Ia menjelaskan, berdasarkan aspirasi yang disampaikan masyarakat, titik U-Turn tersebut dapat digeser sekitar 50 hingga 100 meter dari lokasi awal sebagai alternatif solusi.
“Keinginan warga, U-Turn tersebut dipindahkan kurang lebih 50 sampai 100 meter dari posisi awal,” katanya.
Mustaqimah menegaskan, Komisi III DPRD Kalsel akan terus berkoordinasi dengan Balai Pelaksana Jalan Nasional (BPJN) Kalsel guna mengkaji kemungkinan relokasi tersebut.
Menurutnya, setiap keputusan yang diambil nantinya harus mempertimbangkan aspek keselamatan pengguna jalan serta kelancaran arus lalu lintas di kawasan Kertak Hanyar.

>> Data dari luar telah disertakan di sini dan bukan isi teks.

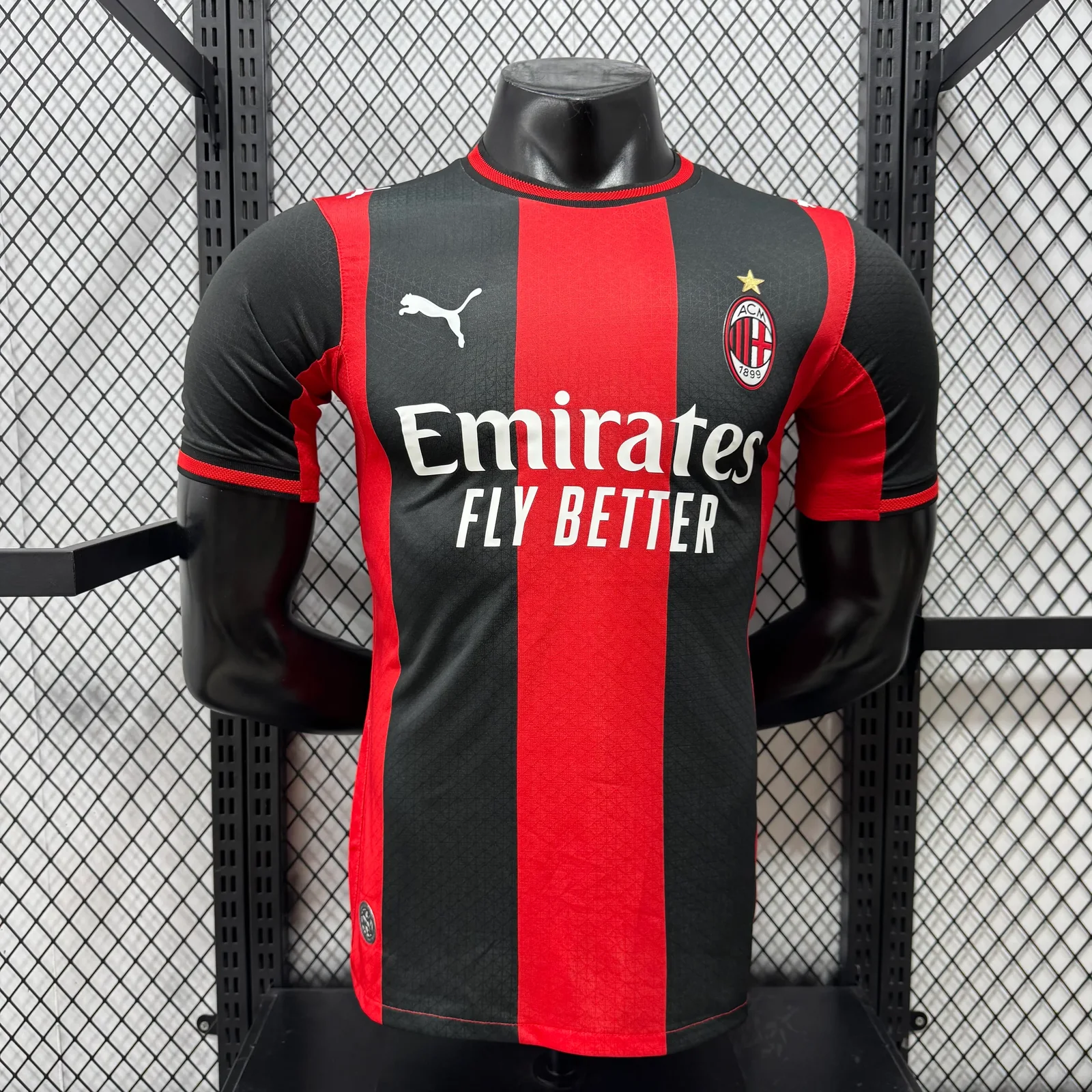 2026-27 AC Milan Home Jersey – Player Version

“Terkait hal ini, kami akan terus berkoordinasi dengan BPJN Kalsel apakah ini bisa segera dieksekusi karena sangat membahayakan bagi masyarakat,” tuturnya.
Pembahasan terkait U-Turn Km 8 dilakukan melalui rapat yang melibatkan berbagai pihak, di antaranya BPJN Kalsel, Balai Pengelola Transportasi Darat (BPTD) Kelas II Kalsel, Dinas Perhubungan Kabupaten Banjar, Lurah Manarap Lama Kertak Hanyar, serta Lembaga Pemberdayaan Masyarakat (LPM) Kertak Hanyar.
Komisi III DPRD Kalsel berharap komunikasi dan koordinasi lintas instansi dapat menghasilkan solusi terbaik yang mampu mengakomodasi kebutuhan masyarakat tanpa mengabaikan faktor keselamatan dan fungsi jalan nasional.
Dengan adanya pembahasan tersebut, masyarakat kini menantikan tindak lanjut dari hasil koordinasi antarinstansi terkait kemungkinan pemindahan titik U-Turn yang selama ini menjadi salah satu akses penting bagi warga di wilayah Kertak Hanyar dan sekitarnya.